Pattern 1: Conditional PII Removal

You may want to apply PII removal logic only to certain types of users. For example, you might need to retain more data for enterprise customers for support reasons, while being more aggressive about removing PII for free-tier users.

Conditional PII Removal
- mapping: |
root = this

# Only apply aggressive PII removal for non-enterprise tiers
if this.account_type != "enterprise" {
# Apply hashing for IP and Email
root.ip_hash = this.ip_address.hash("sha256", env("IP_SALT"))
root.email_hash = this.email.hash("sha256", env("EMAIL_SALT"))
root.email_domain = this.email.split("@").index(1)

# Generalize location
root.location = this.location.without("latitude", "longitude")

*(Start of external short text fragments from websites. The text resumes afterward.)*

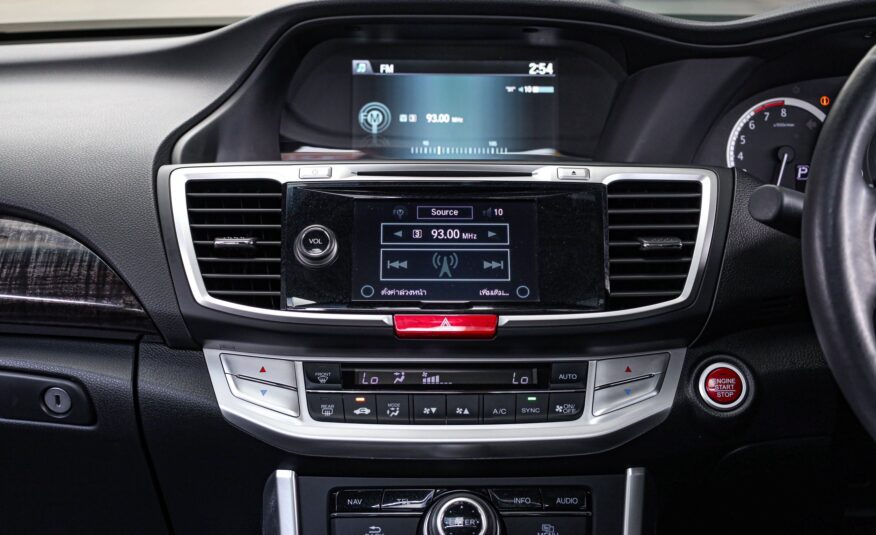 Honda Accord 2.4 Tach PF-รถบ้านมือสอง
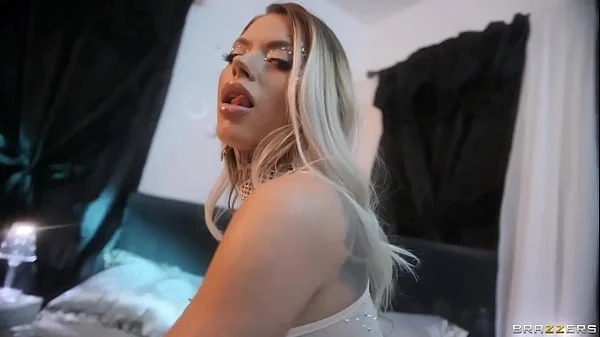 That Pussy Is Luxurious - Chantal Danielle / Brazzers  / stream full from www.zzfull.com/beli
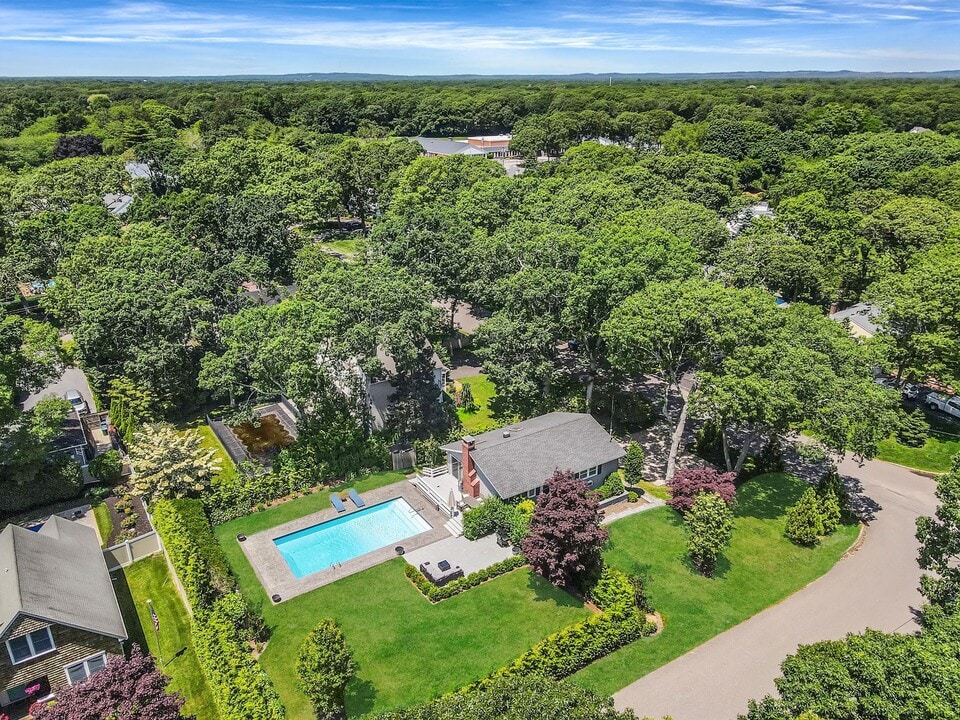 3 Crestview Dr in West Hampton Dunes, NY - Building Photo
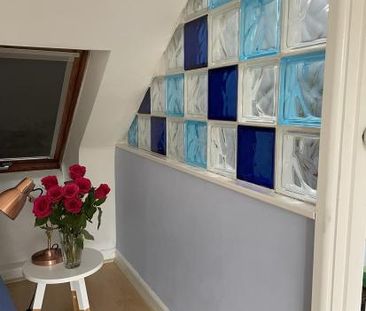 Large Spacious Ensuite Attic Room - Photo 2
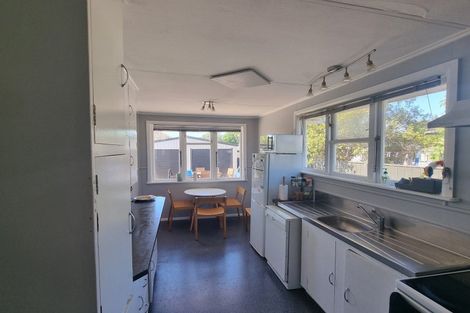 Photo of property in 34 Galway Avenue, Hokowhitu, Palmerston North, 4410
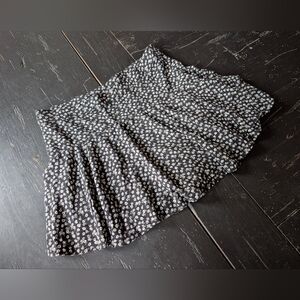 Hollister Women's Large Mini Daisy Floral Skort Coquette Y2K Country Romantic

# Delete the original fields
root = this.without("ip_address", "email")
}

Pattern 2: Multi-Destination PII Handling

For some use cases, you need to send the same event to two different systems with different levels of PII. For example, a fraud detection system might need the raw IP address, but your analytics warehouse must not contain it.

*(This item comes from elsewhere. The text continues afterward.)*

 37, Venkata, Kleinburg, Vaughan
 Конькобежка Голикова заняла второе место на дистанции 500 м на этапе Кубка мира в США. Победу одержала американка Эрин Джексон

This can be achieved with a broker output.

Multi-Destination PII Handling
output:
broker:
pattern: fan_out
outputs:
# Destination 1: Analytics Warehouse (PII is removed)
- processors:
- mapping: |
root = this
root.ip_hash = this.ip_address.hash("sha256", env("IP_SALT"))
root = this.without("ip_address", "email", "user_name")
kafka:
addresses: [ ${ANALYTICS_KAFKA_BROKER} ]
topic: "analytics-events"

# Destination 2: Fraud Detection System (PII is kept, but with short retention)
# This system must be properly secured and have a strict data retention policy.
- http_client:
url: "http://fraud-detection-service/events"
verb: "POST"

In this pattern, the PII removal happens inside the output definition, creating two different versions of the message for two different destinations.

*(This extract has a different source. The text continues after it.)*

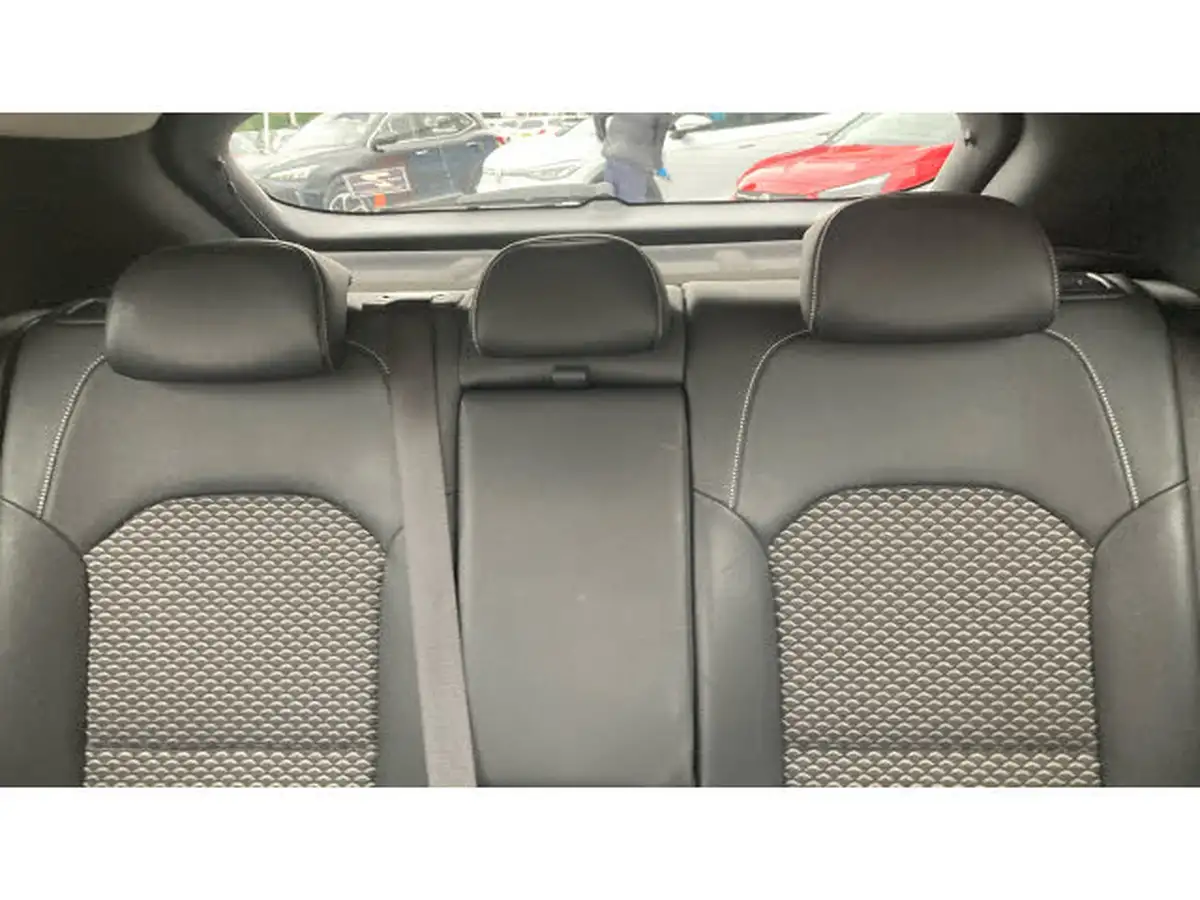 2022-kia-xceed-10-t-gdi-connect-big-14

Pattern 3: K-Anonymity for Generalization

When generalizing location data, you may still be able to identify users in small towns. A more advanced pattern is to only preserve city-level data if the city's population is above a certain threshold (the "k" in k-anonymity).

K-Anonymity for Location
- mapping: |
root = this

# A conceptual list of small towns
let small_towns = ["Monowi", "Buford", "Lost Springs"]

if small_towns.contains(this.location.city) {
# For small towns, generalize further by removing the city
root.location = this.location.without("latitude", "longitude", "city")
} else {
# For larger cities, keep the city
root.location = this.location.without("latitude", "longitude")
}

This ensures that you don't accidentally re-identify users by combining multiple seemingly anonymous data points.